» **Collected material**:
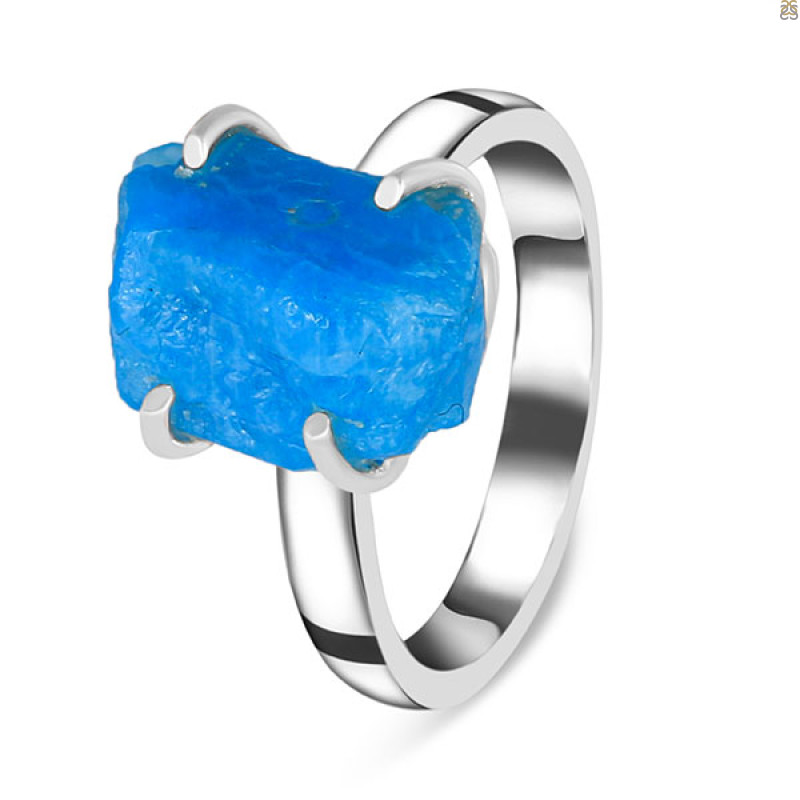 Neon Apatite Rough Ring-R-Size-7 NAR-2-246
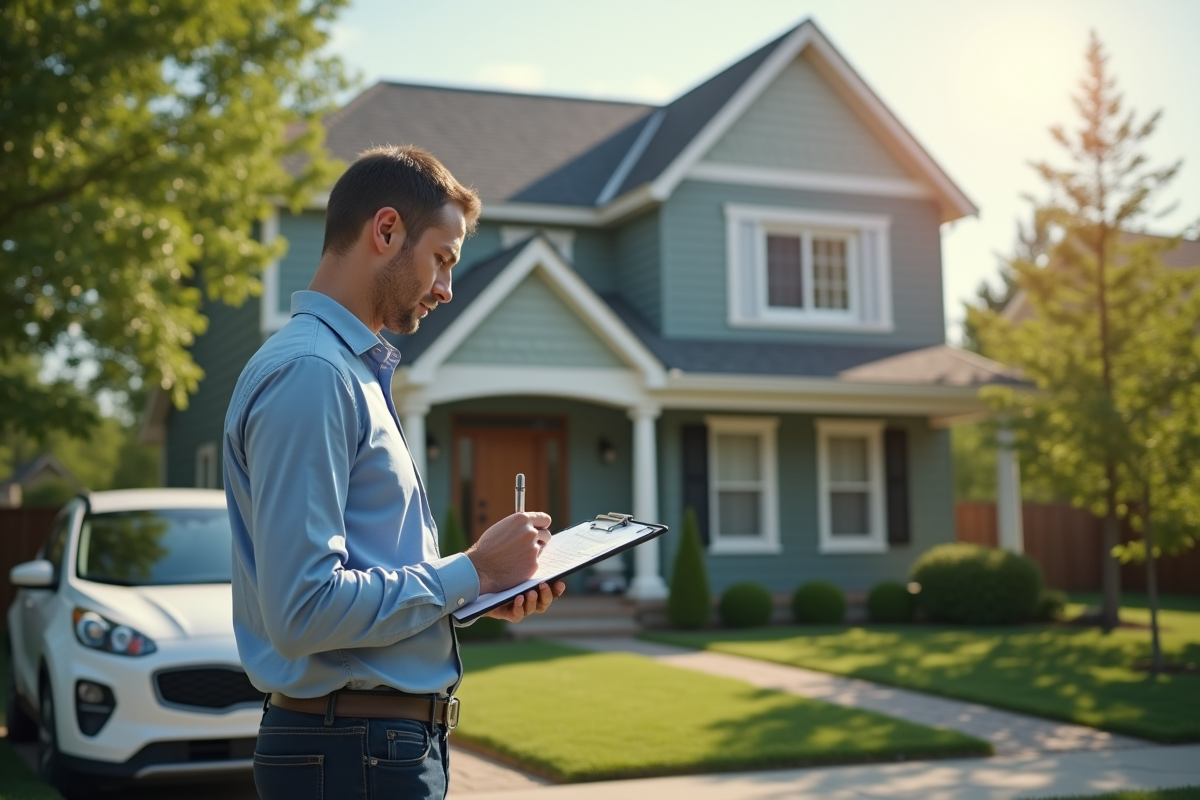 Agent immobilier évaluant la façade d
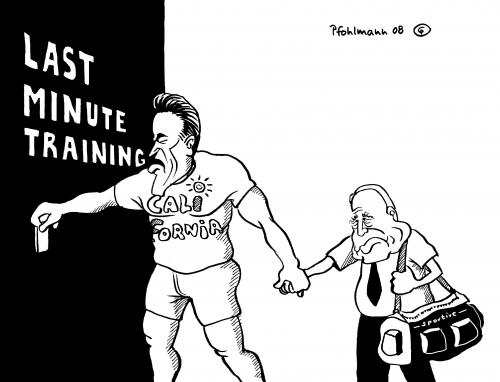 Cartoon: Last-Minute-Training (medium) by Pfohlmann tagged mc,cain,schwarzenegger,arnold,bodybuilding,training,fitness,us,wahlkampf,präsident,kandidat,republikaner,last,minute,mccain,arnold schwarzenegger,bodybuilding,fitness,us,usa,amerika,wahlkampf,präsident,kandidat,präsidentschaft,weiße haus,präsidentschaftswahlen,wahlen,wahl,republikaner,last minute,trainer,countdown,verlierer,nachhilfe,californien,arnold,schwarzenegger,weiße,haus,last,minute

» **Aim of the task**: Return the material in full, word for word, and skip the pictures.

» **Written solution**:
 Neon Apatite Rough Ring-R-Size-7 NAR-2-246
 Agent immobilier évaluant la façade d
 Cartoon: Last-Minute-Training (medium) by Pfohlmann tagged mc,cain,schwarzenegger,arnold,bodybuilding,training,fitness,us,wahlkampf,präsident,kandidat,republikaner,last,minute,mccain,arnold schwarzenegger,bodybuilding,fitness,us,usa,amerika,wahlkampf,präsident,kandidat,präsidentschaft,weiße haus,präsidentschaftswahlen,wahlen,wahl,republikaner,last minute,trainer,countdown,verlierer,nachhilfe,californien,arnold,schwarzenegger,weiße,haus,last,minute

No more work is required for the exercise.